**Work required**
Below are entries; repeat exactly, and nothing else, the lines from the one holding "familj fira småbarns" through the one holding "Empty black notepad", inclusive. Leave the pictures out.

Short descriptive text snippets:
--- --- ---

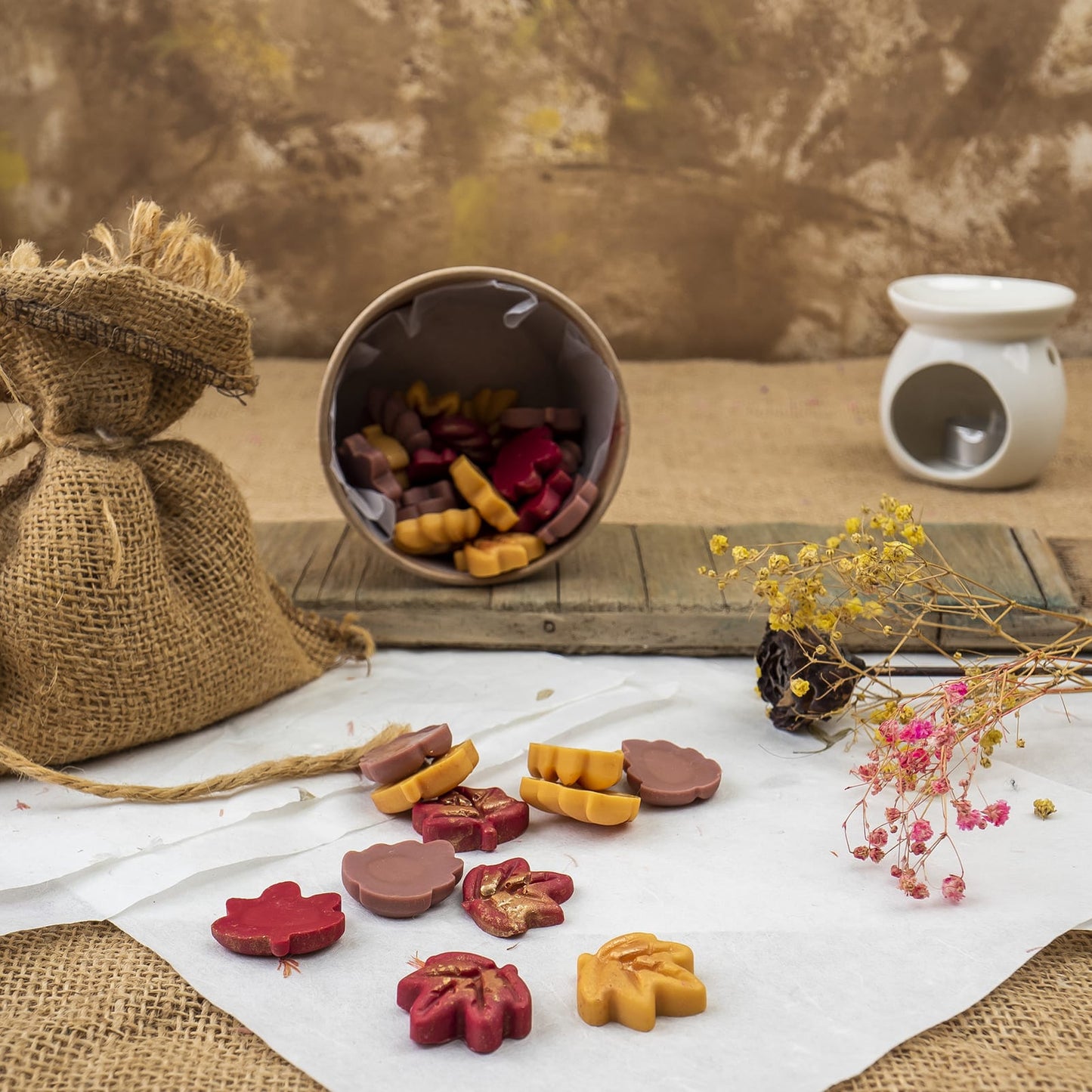 Una escena rústica presenta coloridos Wax Melts Esencias en Miniatura DELIRIOUS AUTUMN de Fleur-de-Bois, melts en forma de flor derramados de un recipiente, con flores secas, un saco de arpillera y un quemador de cera de cerámica blanca sobre madera.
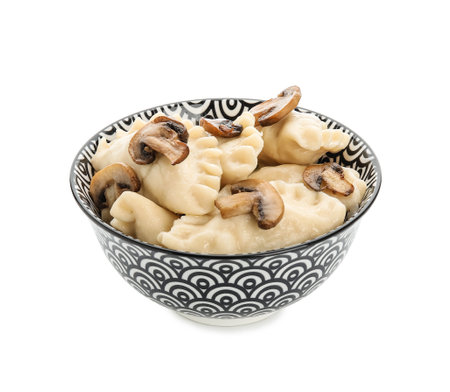 Bowl with tasty dumplings on white backgroundの写真素材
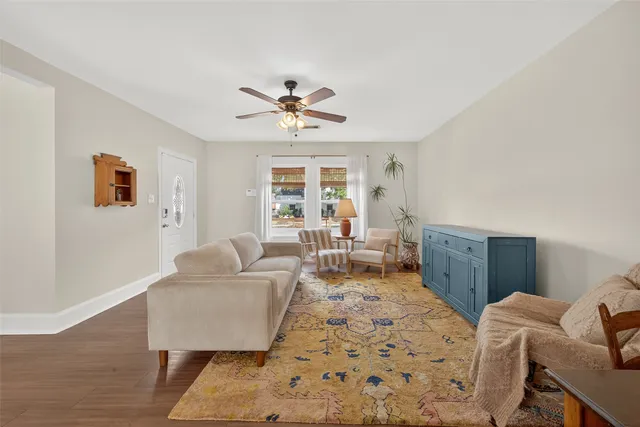 a living room with furniture and a wooden floor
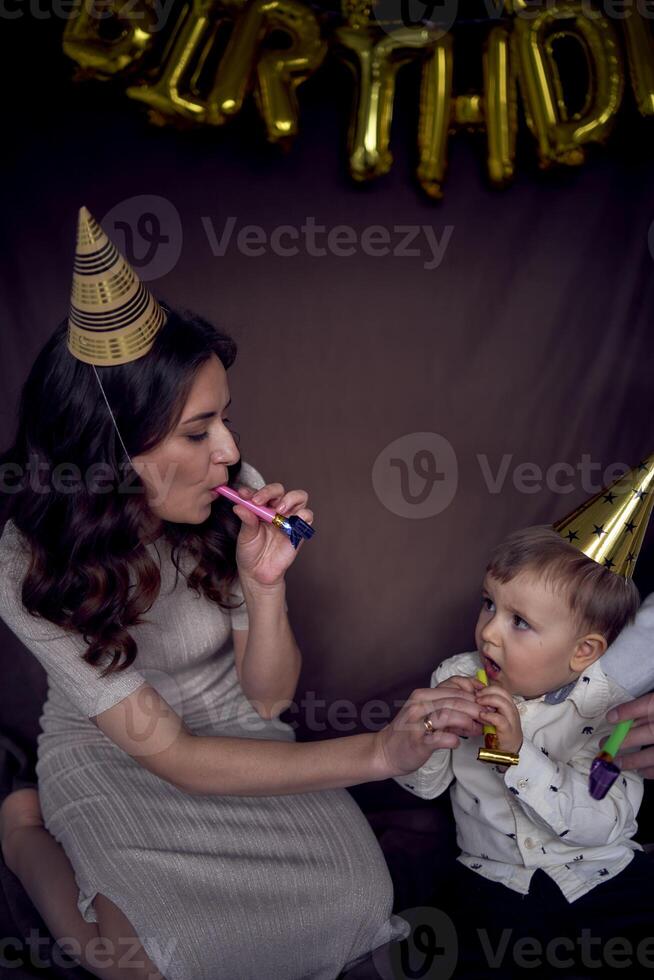 familj fira småbarns födelsedag bär fest hattar blåser rör foto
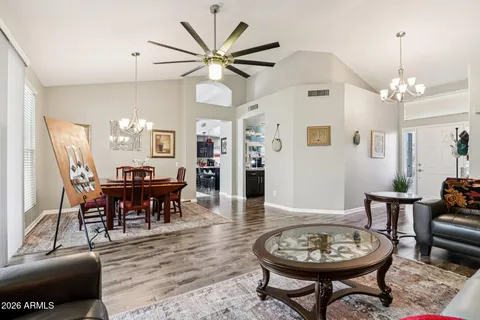 a dining room with wooden floor a chandelier a wooden table and chairs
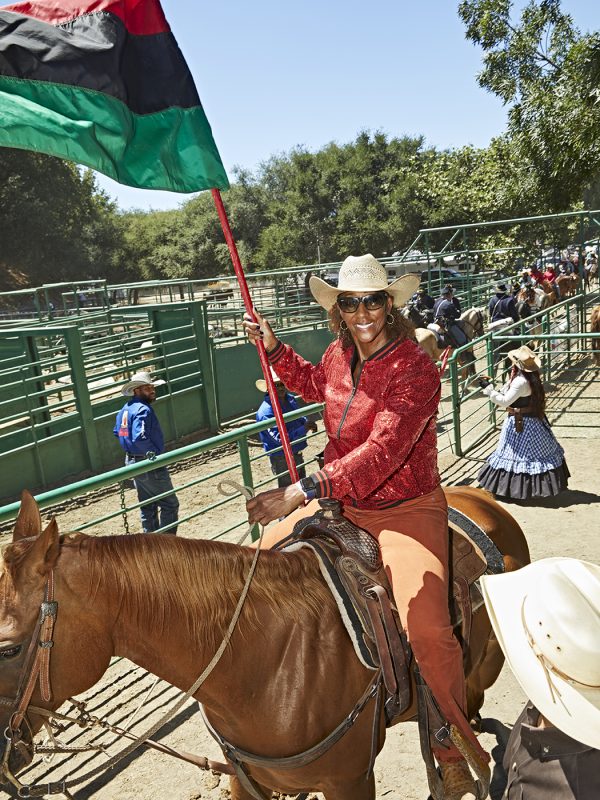Carolyn Carter tours the African American flag at the BPIR Grand Entry. Carter has been active with BPIR since it was found in 1984, having not missed one of the association’s rodeos in more than 38 years. 

Bill Pickett Invitational Rodeo in Oakland, CA - July 10th, 2022.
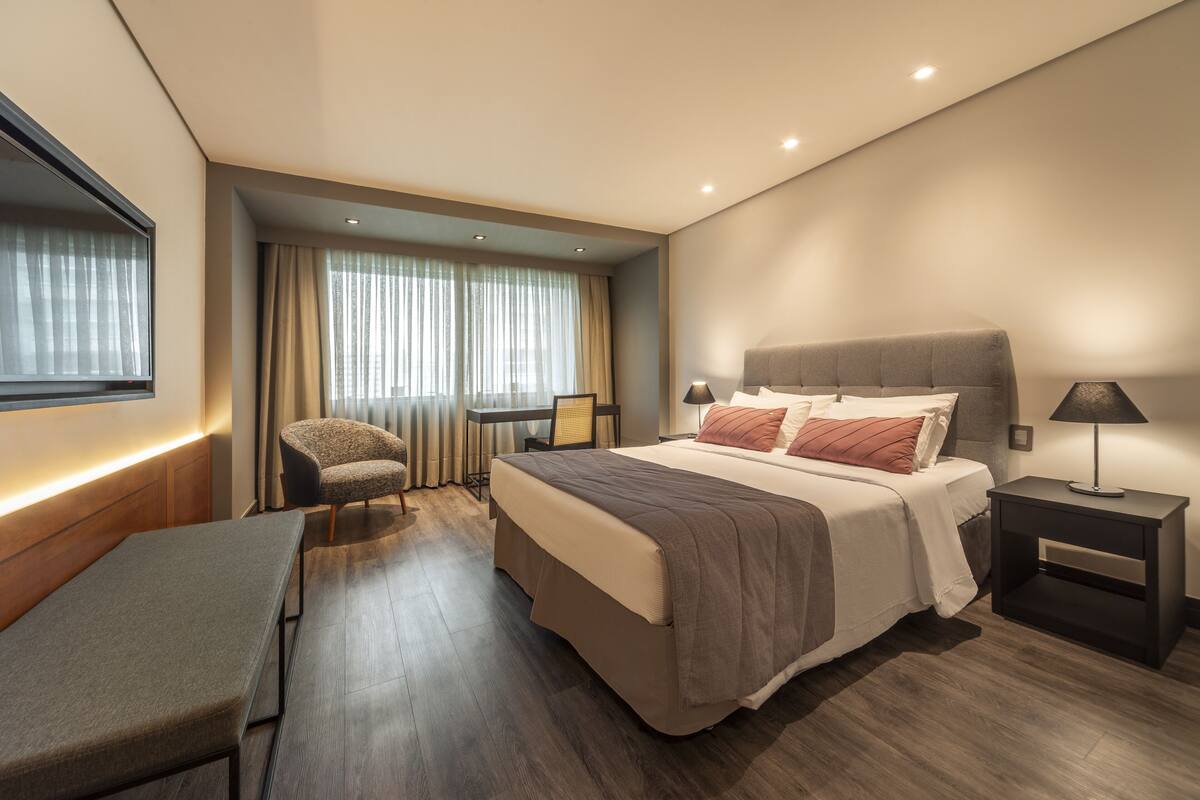 Une chambre d’hôtel moderne, dotée d’un grand lit, de tables de chevet, d’un bureau et d’une chaise.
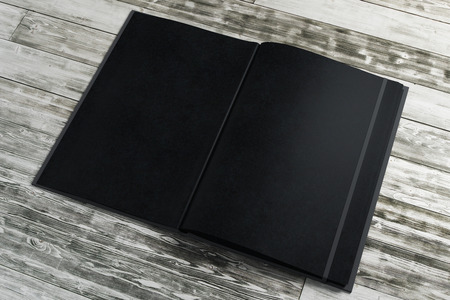 Empty black notepad on wooden desktop. Advertisement, supplies, education, text, copy space concept. Mock up, 3D Renderingの写真素材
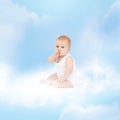 Smiling baby sitting on the cloud Royalty Free Stock Photo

--- --- ---

**Reply to the exercise**
 familj fira småbarns födelsedag bär fest hattar blåser rör foto
 a dining room with wooden floor a chandelier a wooden table and chairs
Carolyn Carter tours the African American flag at the BPIR Grand Entry. Carter has been active with BPIR since it was found in 1984, having not missed one of the association’s rodeos in more than 38 years. 

Bill Pickett Invitational Rodeo in Oakland, CA - July 10th, 2022.
 Une chambre d’hôtel moderne, dotée d’un grand lit, de tables de chevet, d’un bureau et d’une chaise.
 Empty black notepad on wooden desktop. Advertisement, supplies, education, text, copy space concept. Mock up, 3D Renderingの写真素材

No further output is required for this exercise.